When you reach the line that contains "Vivid Sydney Australia", please begin copying, and carry on exactly to the last line of the material, leaving out every picture.

■ **Information supplied**
---------------
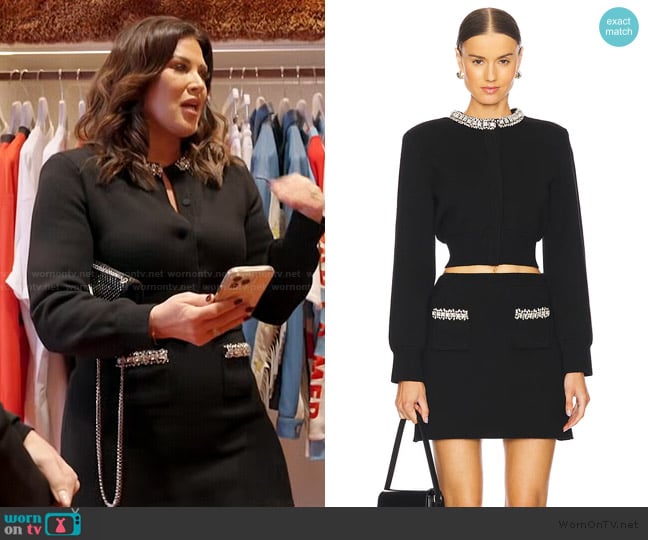 Emily’s embellished mini skirt on RHOC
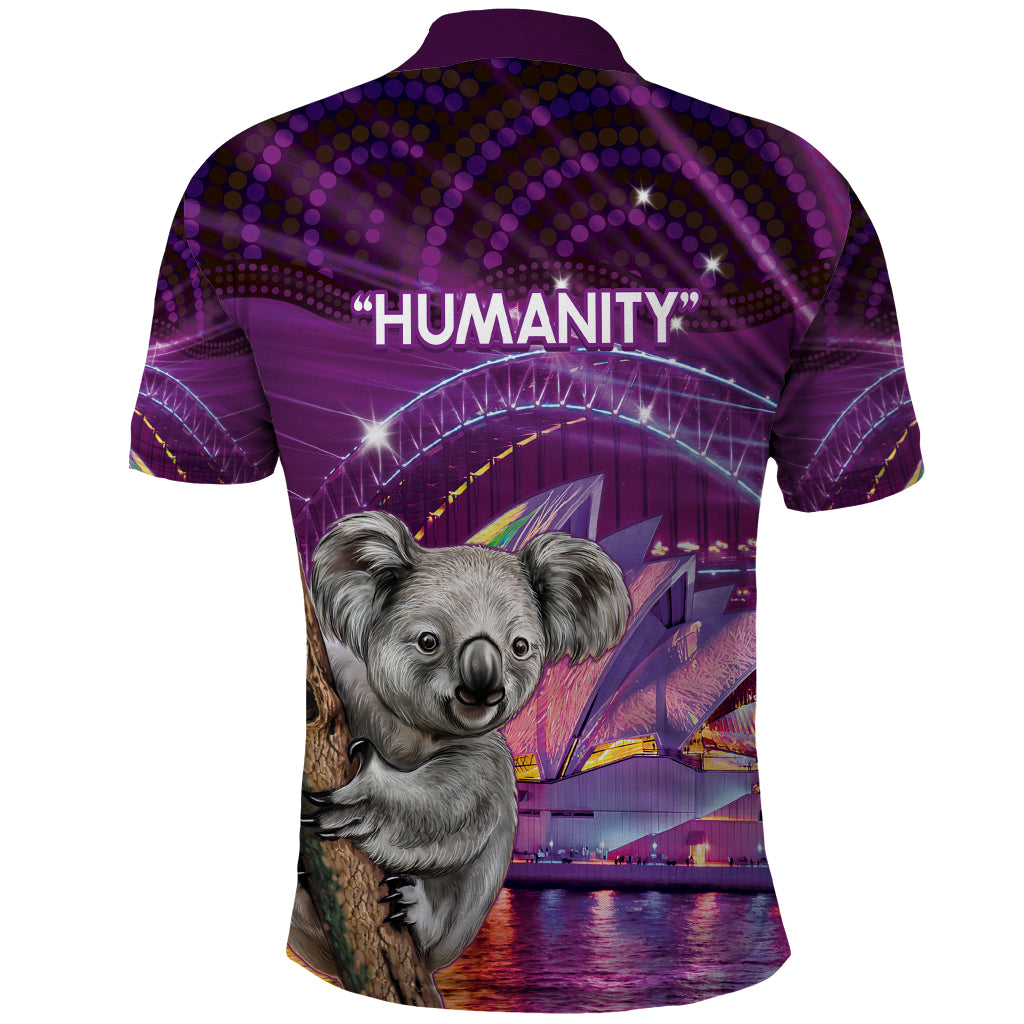 Vivid Sydney Australia Polo Shirt Humanity Aussie Koala Fanciful Light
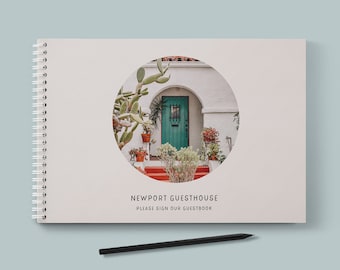 Holiday Home Guest Book, Personalised BNB Visitor Guest Book, Custom Guest House Comments Book, Hotel Cottage Lodge Beach Villa Lake House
---------------
■ **Finished exercise**
 Vivid Sydney Australia Polo Shirt Humanity Aussie Koala Fanciful Light
 Holiday Home Guest Book, Personalised BNB Visitor Guest Book, Custom Guest House Comments Book, Hotel Cottage Lodge Beach Villa Lake House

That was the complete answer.